The diagram shows the real and imaginary parts of the transmitted signal $s(t)$ for a given combination of $a_0$, ... , $a_3$,
which is to be determined in subtask (3).
Notes:
- The exercise belongs to the chapter General Description of OFDM.
- Reference is made in particular to the pages
- OFDM - System consideration in the time domain,
- OFDM - System consideration in the frequency domain with causal basic pulse.
Questions
Solution
(1) The transmitted signal $s(t)$ is a complex oscillation with only one frequency.
- The amplitude $s_0 \hspace{0.15cm}\underline { = 5\ \rm V}$ can be taken directly from the diagram.
(2) Furthermore, the symbol duration $T\hspace{0.15cm}\underline { = 0.2\ \rm ms}$ can be seen from the diagram.
- From this the basic frequency results to $f_0 = 1/T = 5\ \rm kHz$.
(3) In the example shown, there is only one frequency, namely $3 · f_0$.
- From this follows $a_0 = a_1 = a_2 \hspace{0.15cm}\underline { = 0}$ and for the range $0 ≤ t < T$:
- $$s(t) = a_3 \cdot s_0 \cdot {\rm{e}}^{ {\kern 1pt} {\rm{j\hspace{0.04cm}\cdot \hspace{0.04cm}2 \pi}} \hspace{0.04cm}\cdot \hspace{0.04cm} 3 f_0 \hspace{0.04cm}\cdot \hspace{0.04cm} t}= a_3 \cdot s_0 \cdot \cos ({\rm{2 \pi}} \cdot 3 f_0 \cdot t) + \rm{j} \cdot a_3 \cdot s_0 \cdot \sin ({\rm{2 \pi}} \cdot 3 f_0 \cdot t).$$
- Comparison with the sketch $($real part: minus cosine, imaginary part: minus sine$)$ gives the following result:
- $$a_3\hspace{0.15cm}\underline {= -1}.$$
(4) The second solution is correct:
- The magnitude function is: $ |s(t)| = a_3 \cdot s_0 \cdot \sqrt{\cos^2 ({\rm{2 \pi}} \cdot 3 f_0 \cdot t) + \sin^2 ({\rm{2 \pi}} \cdot 3 f_0 \cdot t)}= a_3 \cdot s_0.$
- However, this equation is valid only in the range of symbol duration $T$.
- This means: The OFDM principle works only with a time limit on $T$.
(5) In general, for the OFDM spectrum:
- $$S (f) = s_0 \cdot T \cdot \sum\limits_{\mu = 0}^{N - 1} {a_{\mu } \cdot \,} {\rm{sinc}}(T \cdot (f - \mu \cdot f_0 )) \cdot {\rm{e}}^{ - {\rm{j\hspace{0.04cm}\cdot \hspace{0.04cm}2\pi}} \hspace{0.04cm}\cdot \hspace{0.04cm}{T}/{2}\hspace{0.04cm}\cdot \hspace{0.04cm} (f - \mu \cdot f_0 )} .$$
- The $\rm sinc$ function results from the time limit on $T$, and the last term in the sum results from the displacement law.

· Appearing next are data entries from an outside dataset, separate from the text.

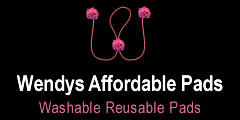Wendys Re-Usable Pads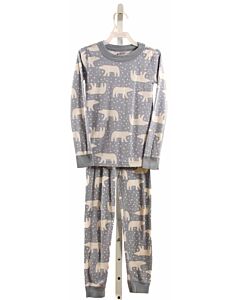 HANNA ANDERSSON LT BLUE PRINT LOUNGEWEAR
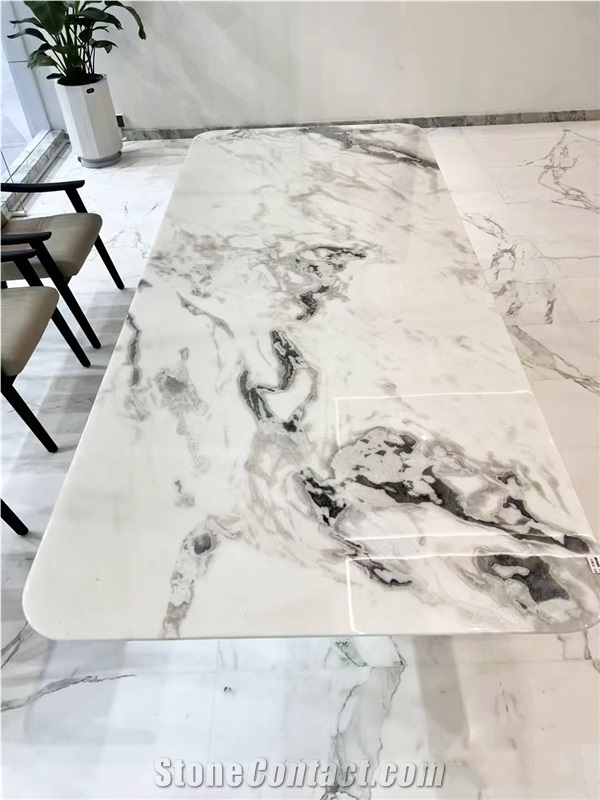 Caribbean Island Natural Stone Marble Slabs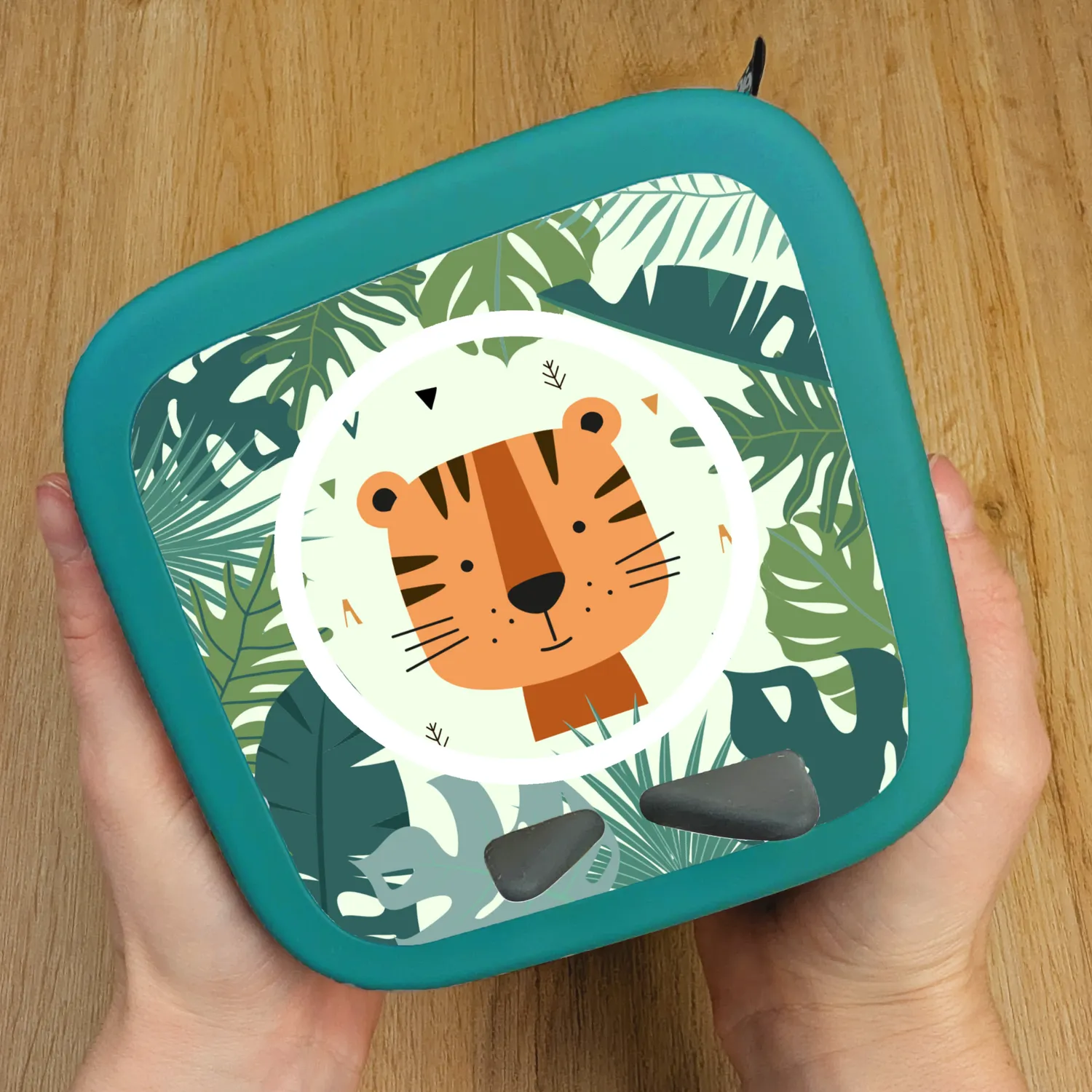 MeinBaby123 Toniebox 2 Schutzfolie Sticker Tiger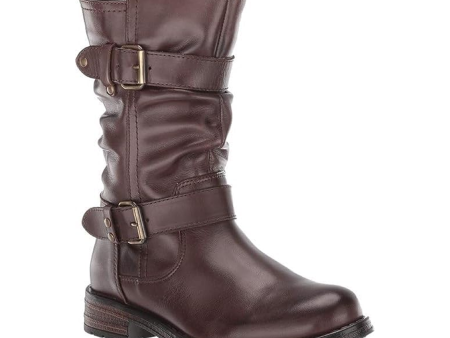 Eric Michael Noelle Mid Boot (Women) - Brown For Discount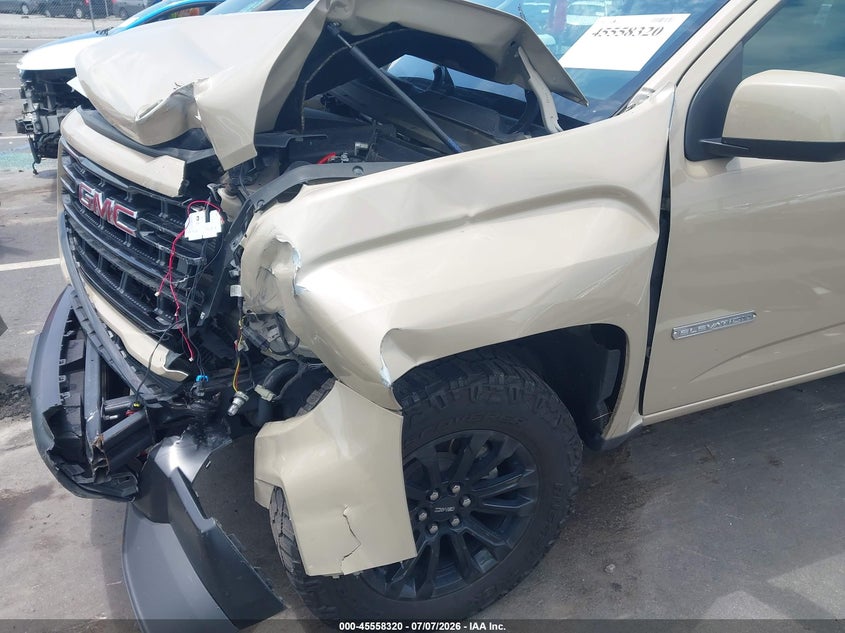 2021 GMC Canyon 4Wd Short Box Elevation VIN: 1GTG6CEN8M1173302 Lot: 45558320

- By the zero crossings of the $\rm sinc$ function at the distance $f_0$ as well as $\rm sinc(0) = 1$ one obtains
- $$S(f = μ · f_0) = s_0 · T · a_μ.$$
- With $s_0 = 5 \ \rm V$ and $T = 0.2 \ \rm ms$ ⇒ $s_0 · T = 1\ \rm mV/Hz$ it further holds:
- $$ \mu = 0,\hspace{0.1cm} a_0 = 0\text{:}\hspace{0.95cm} S (f = 0) \hspace{0.15cm}\underline {= 0},\hspace{8cm}.$$
- $$\mu = 1, \hspace{0.1cm}a_1 = +1\text{:}\hspace{0.55cm} S (f = 5\,\,{\rm{kHz}}) \hspace{0.15cm}\underline {= +1\,\,{\rm{mV/Hz}}},$$
- $$ \mu = 2, \hspace{0.1cm}a_2 = -1\text{:}\hspace{0.55cm} S (f = 10\,\,{\rm{kHz}}) \hspace{0.15cm}\underline {= -1\,\,{\rm{mV/Hz}}},$$
- $$ \mu = 3, \hspace{0.1cm}a_3 = +1\text{:}\hspace{0.55cm} S (f = 15\,\,{\rm{kHz}}) \hspace{0.15cm}\underline {= +1\,\,{\rm{mV/Hz}}}.$$
(6) Both statements are correct:
- The orthogonality with respect to the frequency domain has already been shown in subtask (5).
- The orthogonality with respect to the time domain results from the limitation of the individual symbols to the time duration $T$.